### Pictures with short captions
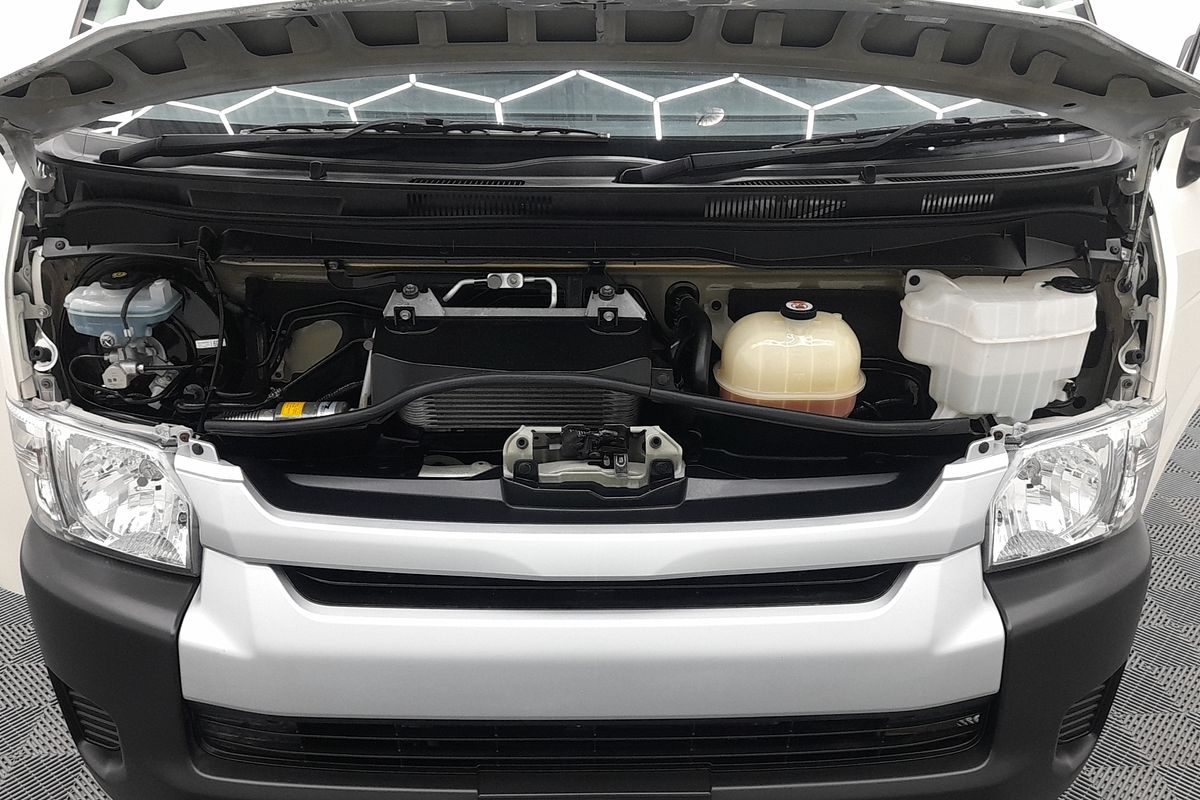 2018 Toyota Hiace Commuter KDH223R ELWB High Roof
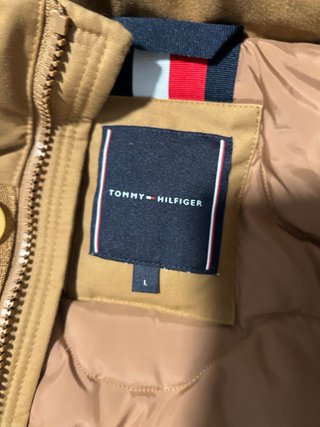 Abrigo Tommy Hilfiger Talla L Marrón,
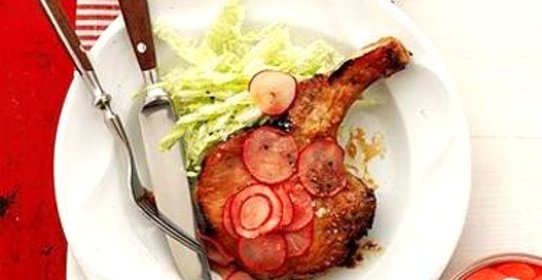 Свиные отбивные с редисом по-азиатски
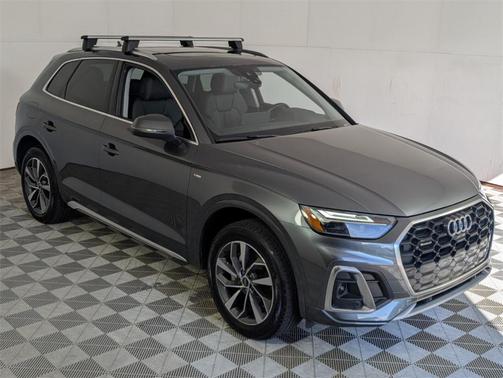 2024 Audi Q5 45 S line quattro Premium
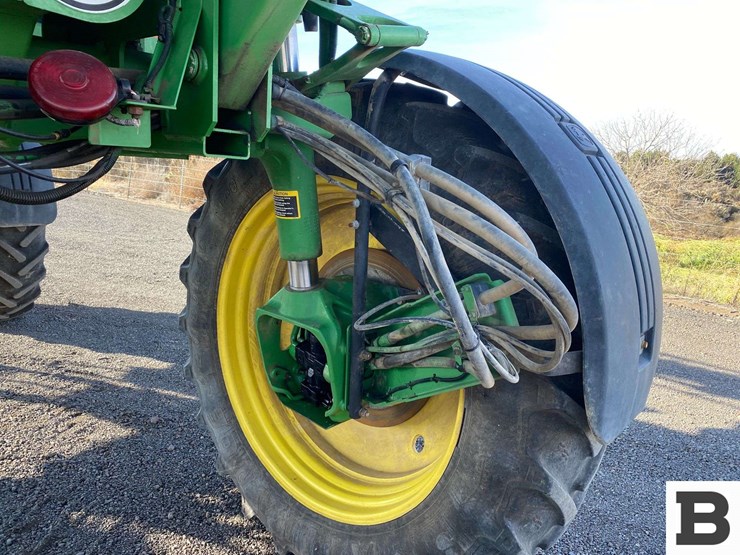 2013-john-deere-4830-image-39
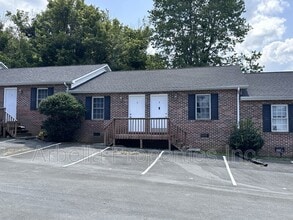 Building Photo - 1909 Cherokee Rd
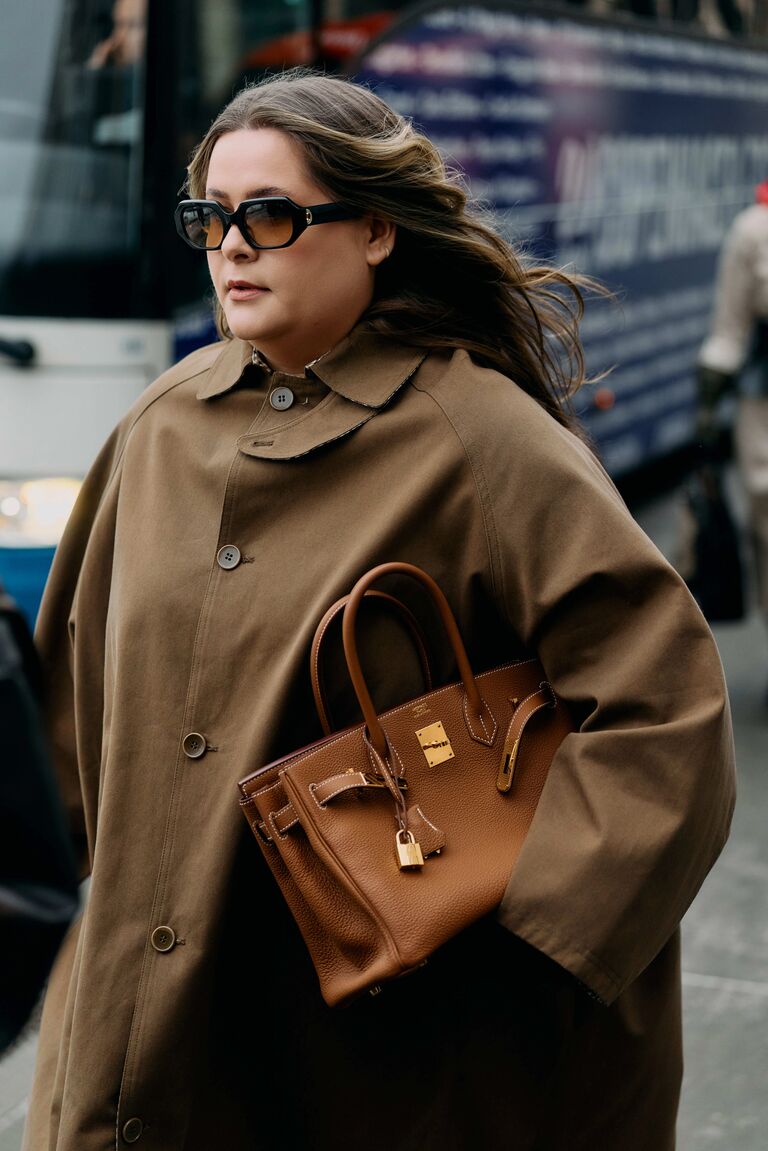 una mujer lleva un Birkin
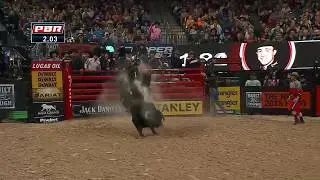 Sage Kimzey bucks off Seven Dust (PBR)
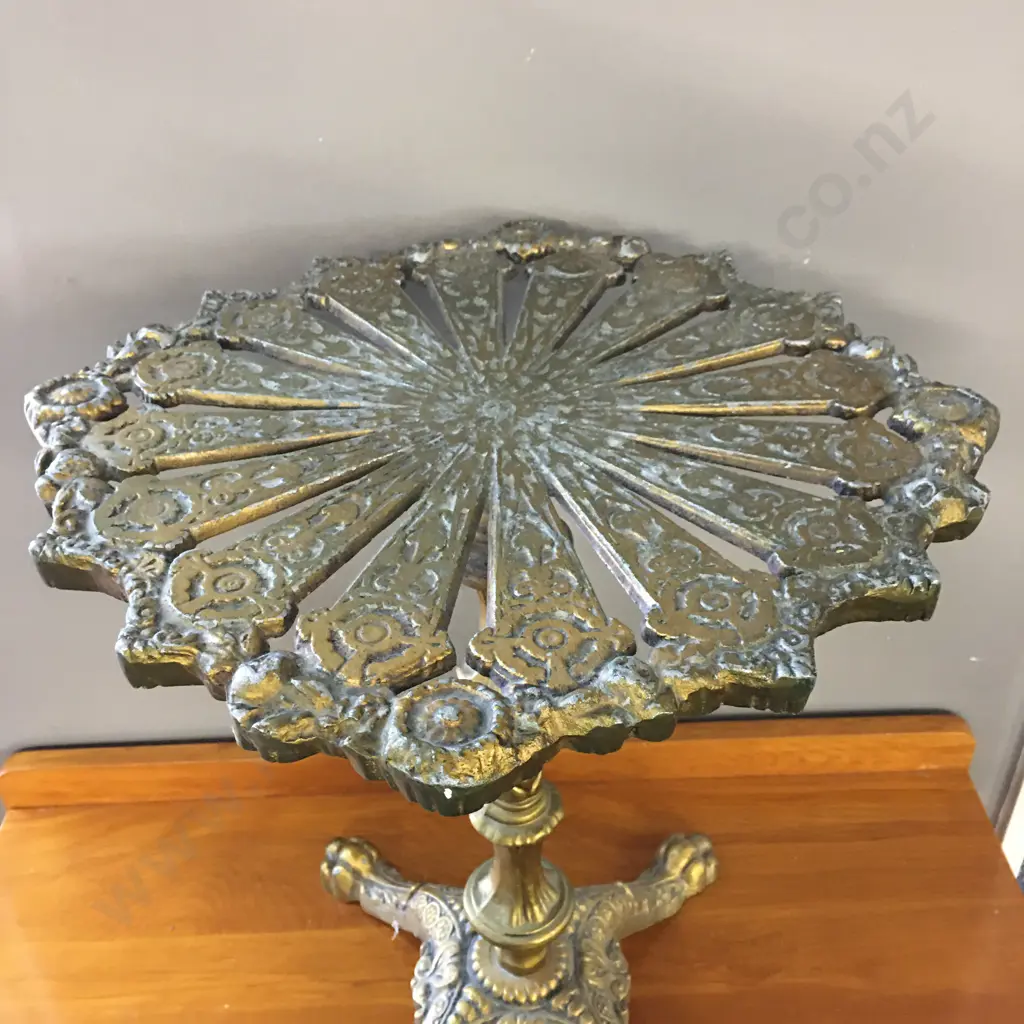 A Hollywood Regency Style Metal Side Table. 50 x 44cm Image 1++
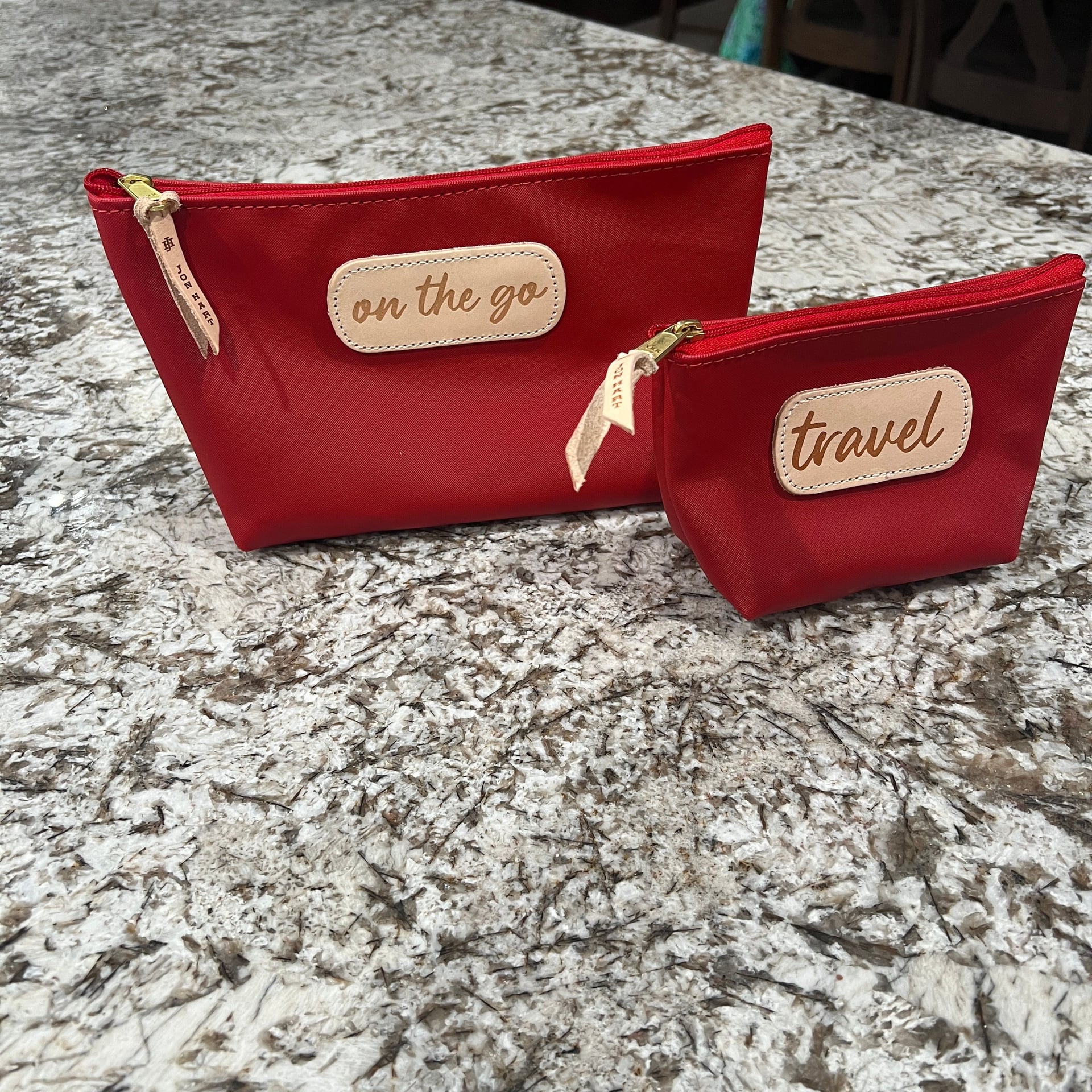 Jon Hart Designs Chico & Grande Red Travel and On-the-Go Cosmetic Bag Set 1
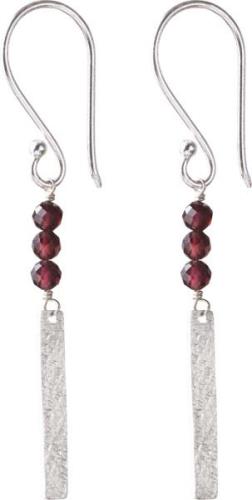 A Beautiful Story Bar Garnet Earrings SP 5cm - Ørehænger hos Magasin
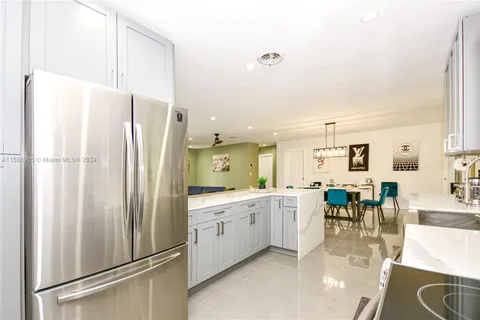 211 SW 7th St # 0, Hallandale Beach FL 33009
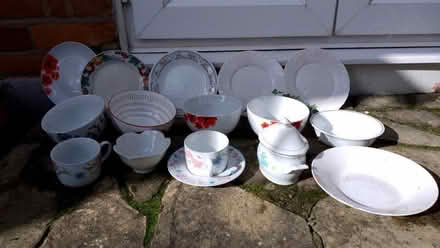 Photo of free Crockery (Ilford IG1) #1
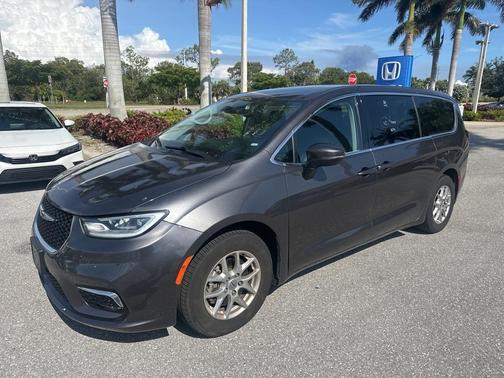 2023 Chrysler Pacifica Touring-L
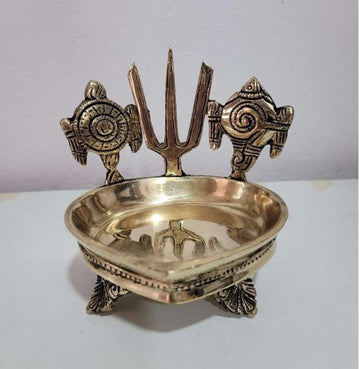 Sharu Space Brass Shanku Chakra Deepam
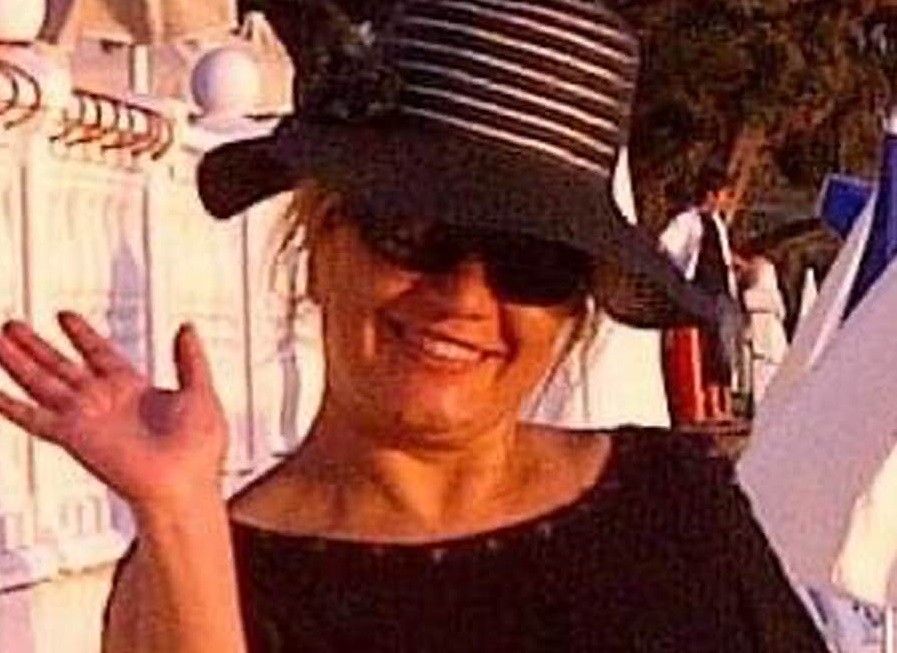 Anne ve kızı aynı gün koronadan hayatını kaybetti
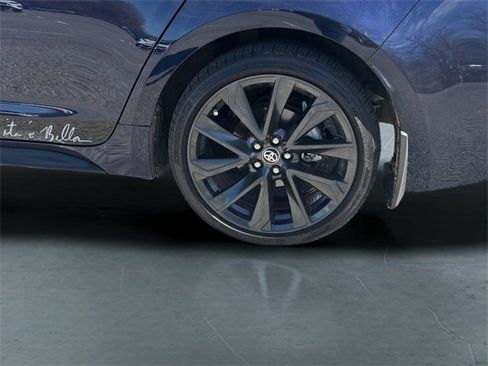 Used 2025 Toyota Corolla SE image 11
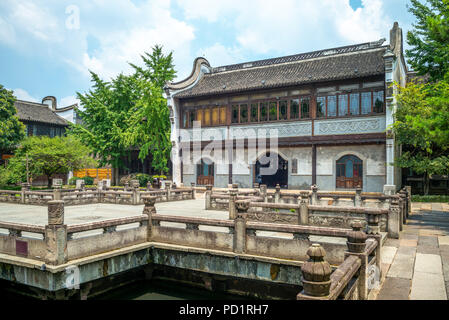 La facciata della Accademia Zhaoming in wuzhen, Zhejiang, Cina Foto Stock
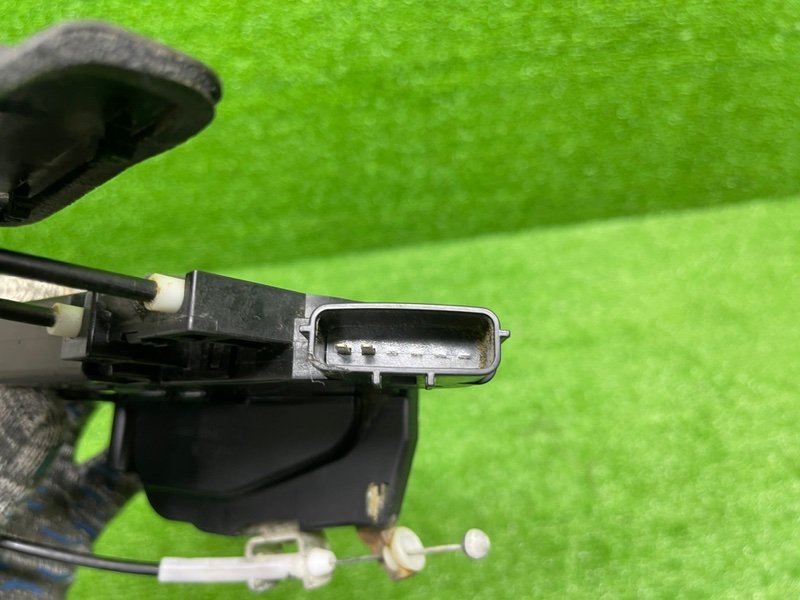 Замок двери передней правой, 6000 рублей, Москва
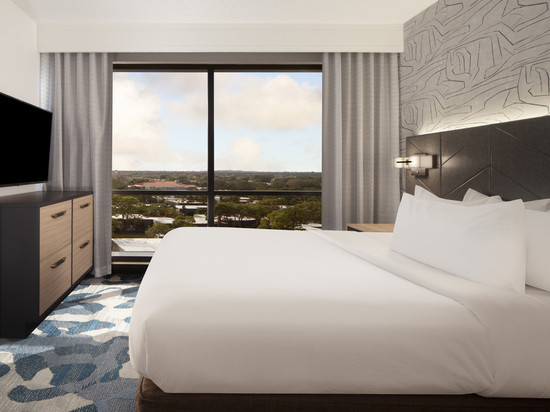 棕榈滩花园希尔顿安泊套房酒店-PGA大道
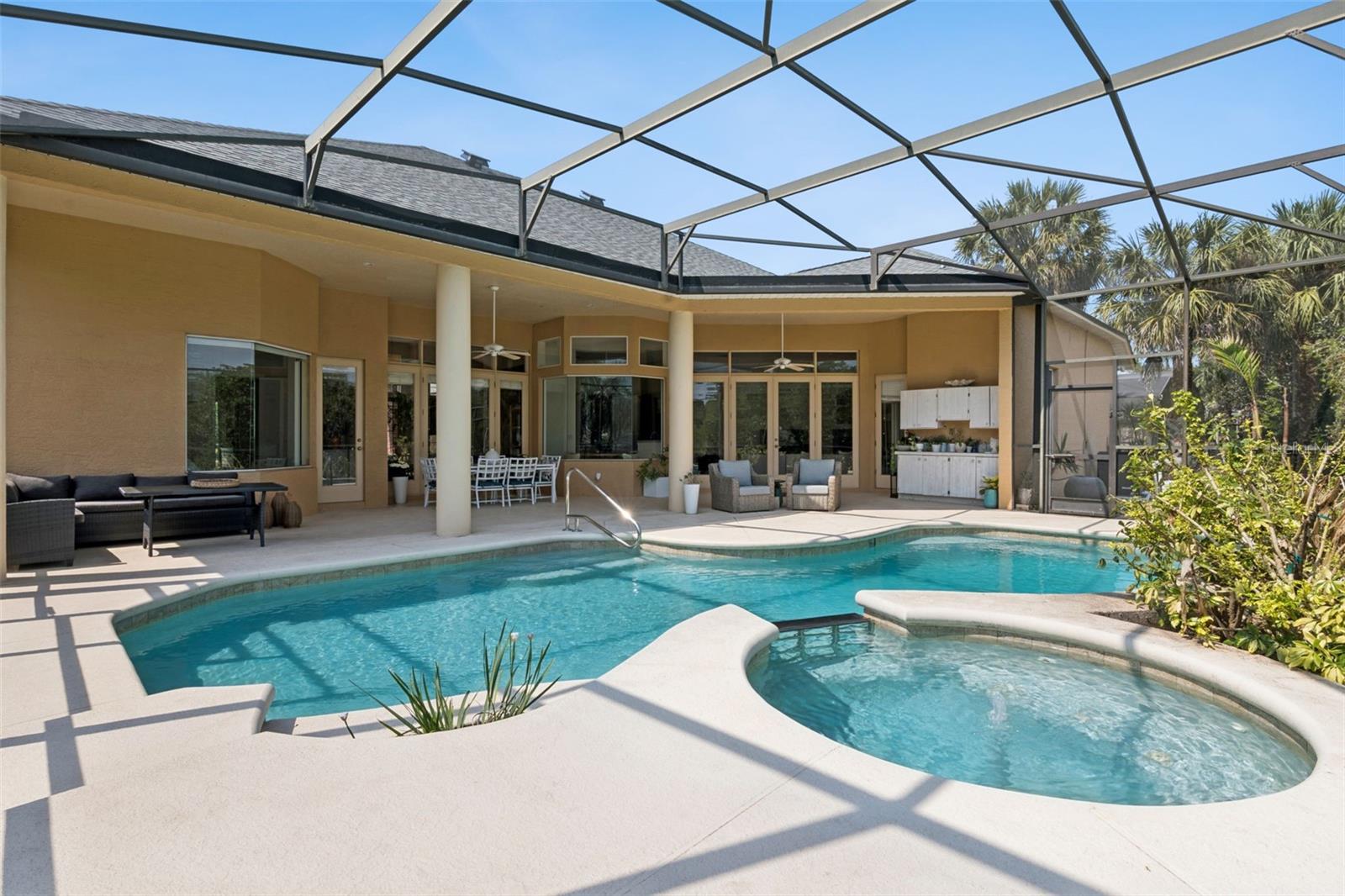 Image 37 of 59 For 213 Heatherwood Court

### YOUR GOAL
The line with "Sage Kimzey bucks off Seven Dust (PBR)" marks the end: restate word for word every line from the top of the data through that one, omitting pictures.

### RESULT BELOW
 2018 Toyota Hiace Commuter KDH223R ELWB High Roof
 Abrigo Tommy Hilfiger Talla L Marrón,
 Свиные отбивные с редисом по-азиатски
 2024 Audi Q5 45 S line quattro Premium
 2013-john-deere-4830-image-39
 Building Photo - 1909 Cherokee Rd
 una mujer lleva un Birkin
 Sage Kimzey bucks off Seven Dust (PBR)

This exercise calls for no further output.